**Task goal:** Copy each line below as written, but skip the pictures.

**Information shown:**
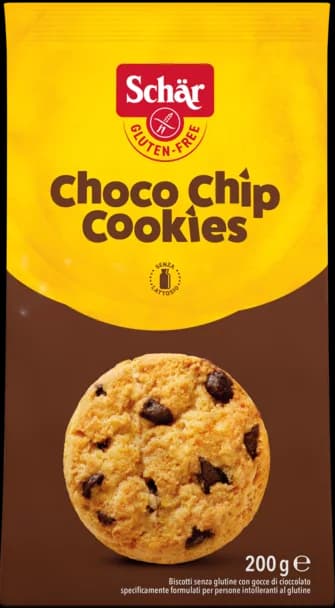 Schär Choco Chips Cookies (Glutenfrei) 200g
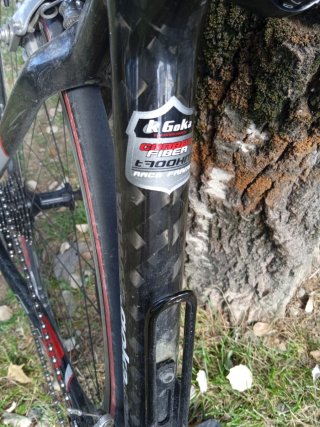 Bicicleta de carretera carbono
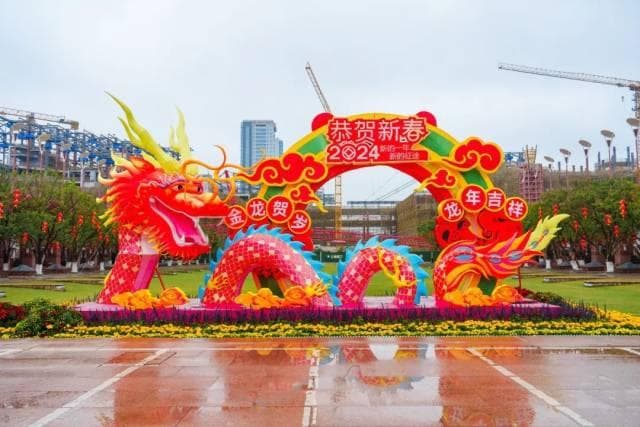 持续到元宵！绝美灯光秀、桂城新春灯饰靓爆镜！
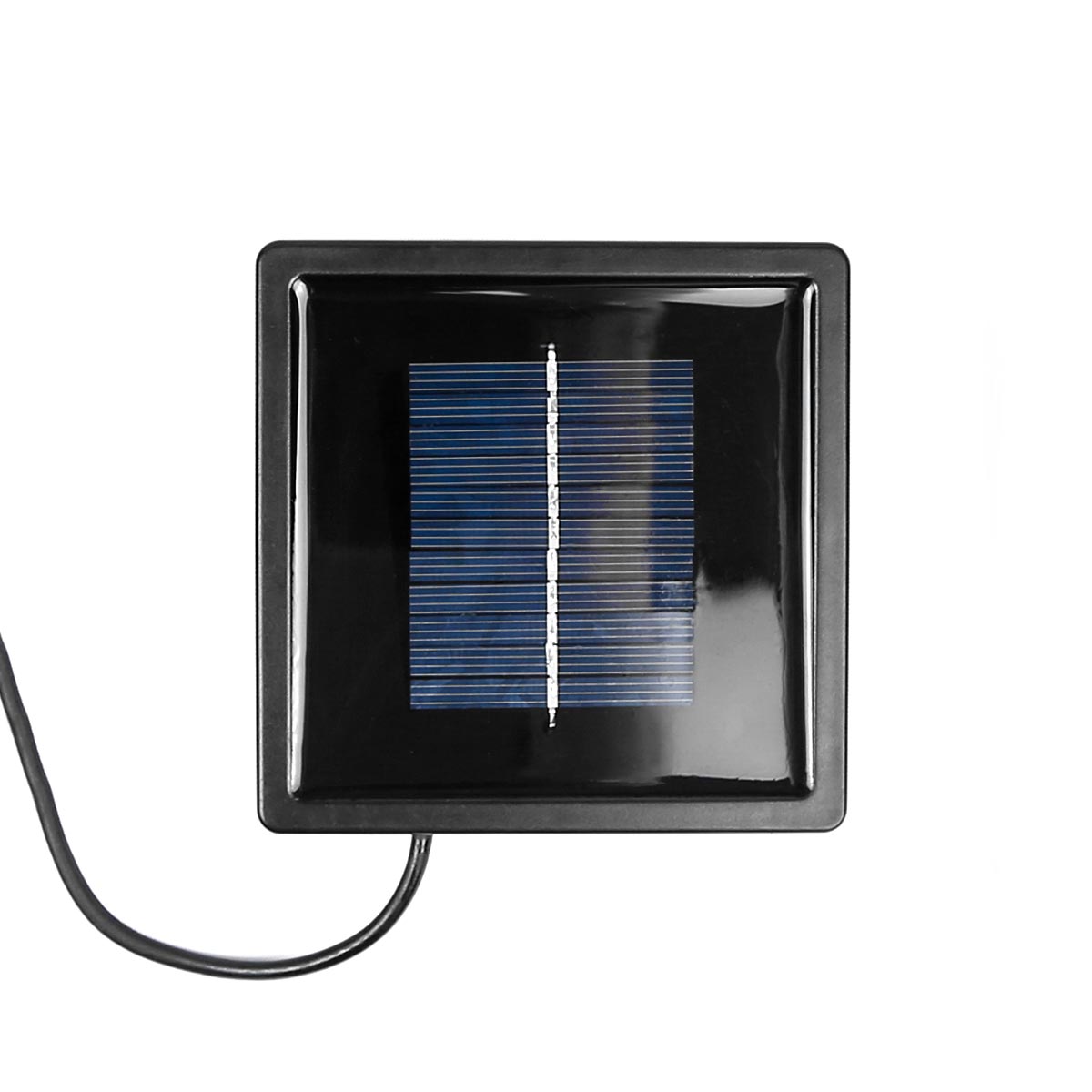 ConnectGo® Solar Panel, Black Rubber Cable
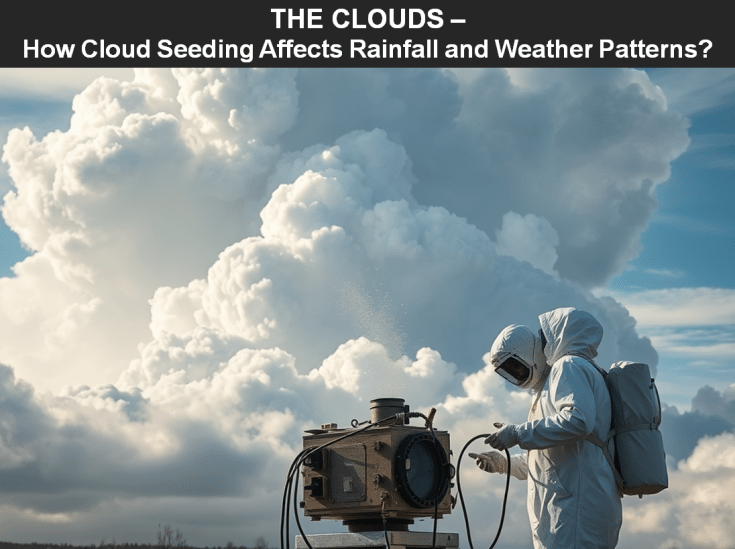 How Cloud Seeding Affects Rainfall and Weather Patterns. – Computer ...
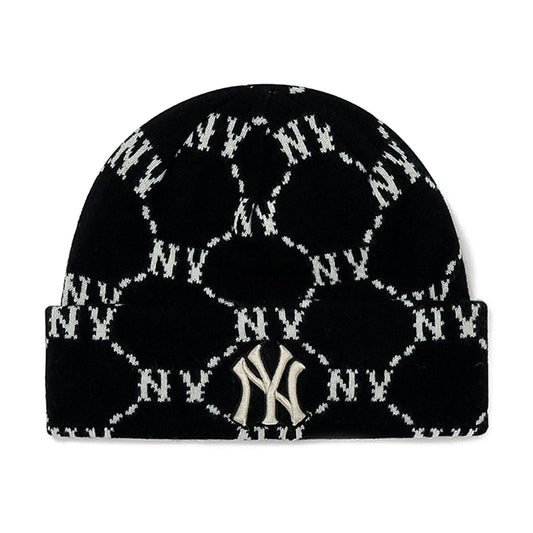 MLB - MONOGRAM BEANIE 50BKS【3ABNMM126】
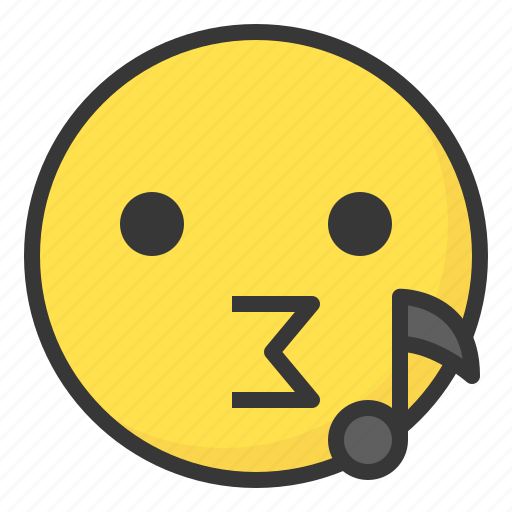 Emoji, emoticon, expression, face, sing icon - Download on Iconfinder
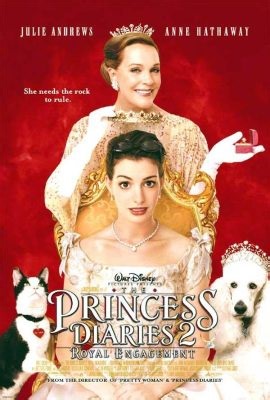فيلم The Princess Diaries 2 2004 مترجم – لاروزا فيديو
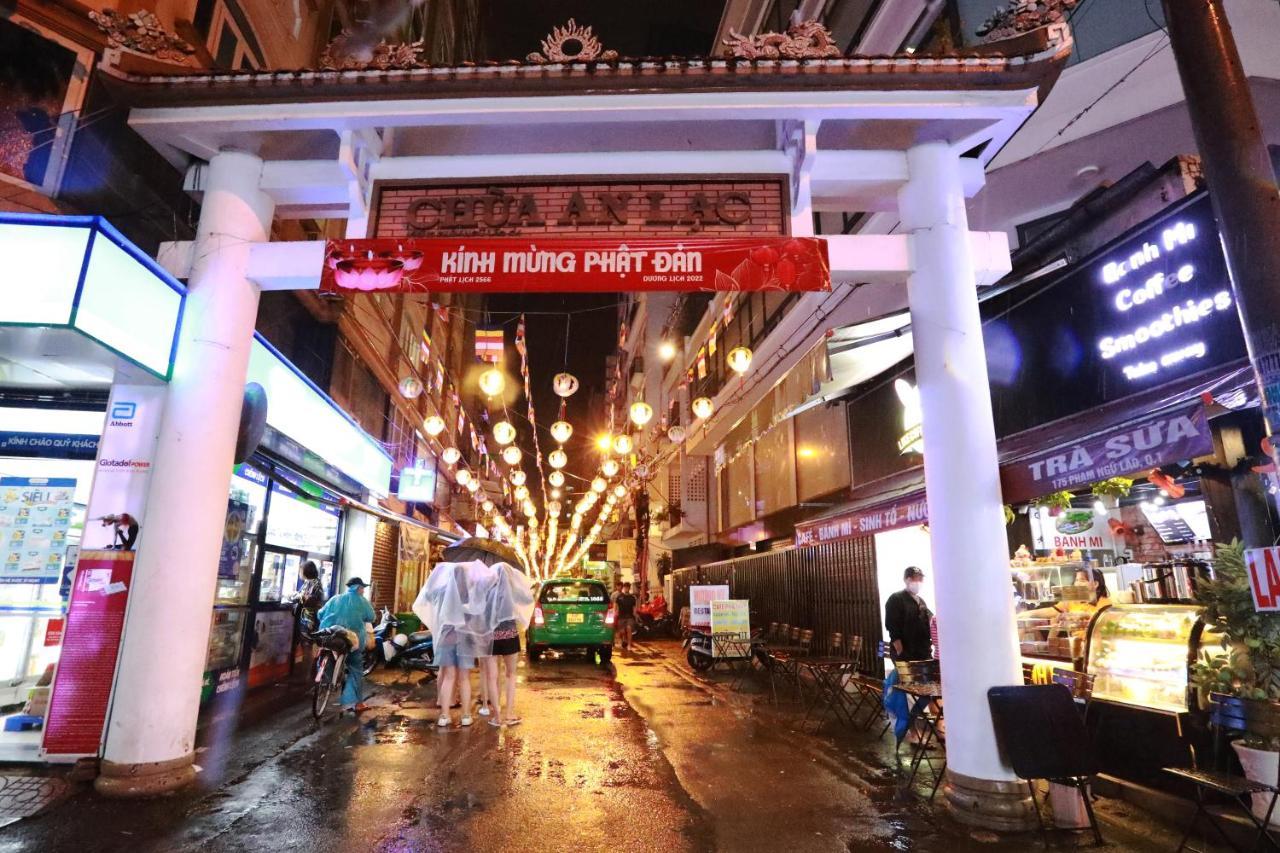 Bui Vien Street Hostel Thành Pho Ho Chí Minh Esterno foto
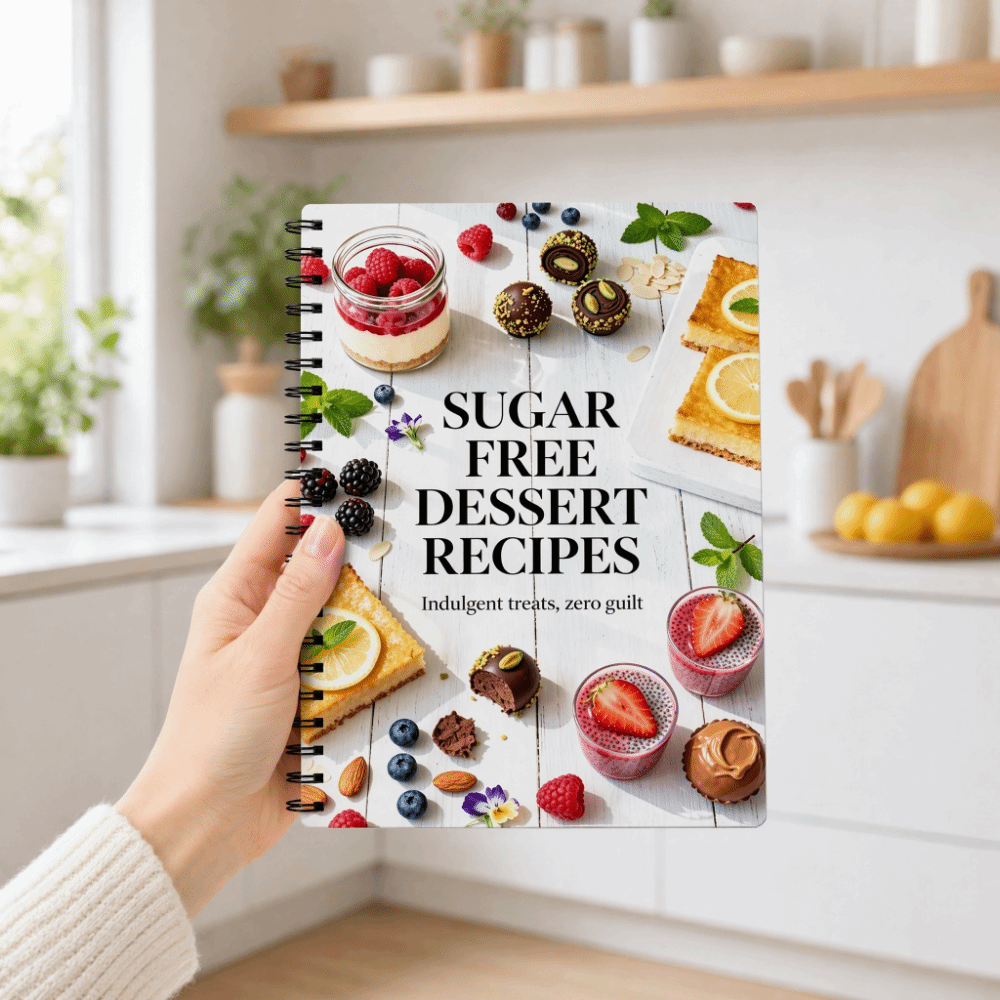 New Sugar Free Sugar Free Dess - đánh giá và giá Meal Prep Book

**The answer:**
 Schär Choco Chips Cookies (Glutenfrei) 200g
 Bicicleta de carretera carbono
 持续到元宵！绝美灯光秀、桂城新春灯饰靓爆镜！
 ConnectGo® Solar Panel, Black Rubber Cable
 How Cloud Seeding Affects Rainfall and Weather Patterns. – Computer ...
 MLB - MONOGRAM BEANIE 50BKS【3ABNMM126】
 Emoji, emoticon, expression, face, sing icon - Download on Iconfinder
فيلم The Princess Diaries 2 2004 مترجم – لاروزا فيديو
 Bui Vien Street Hostel Thành Pho Ho Chí Minh Esterno foto
 New Sugar Free Sugar Free Dess - đánh giá và giá Meal Prep Book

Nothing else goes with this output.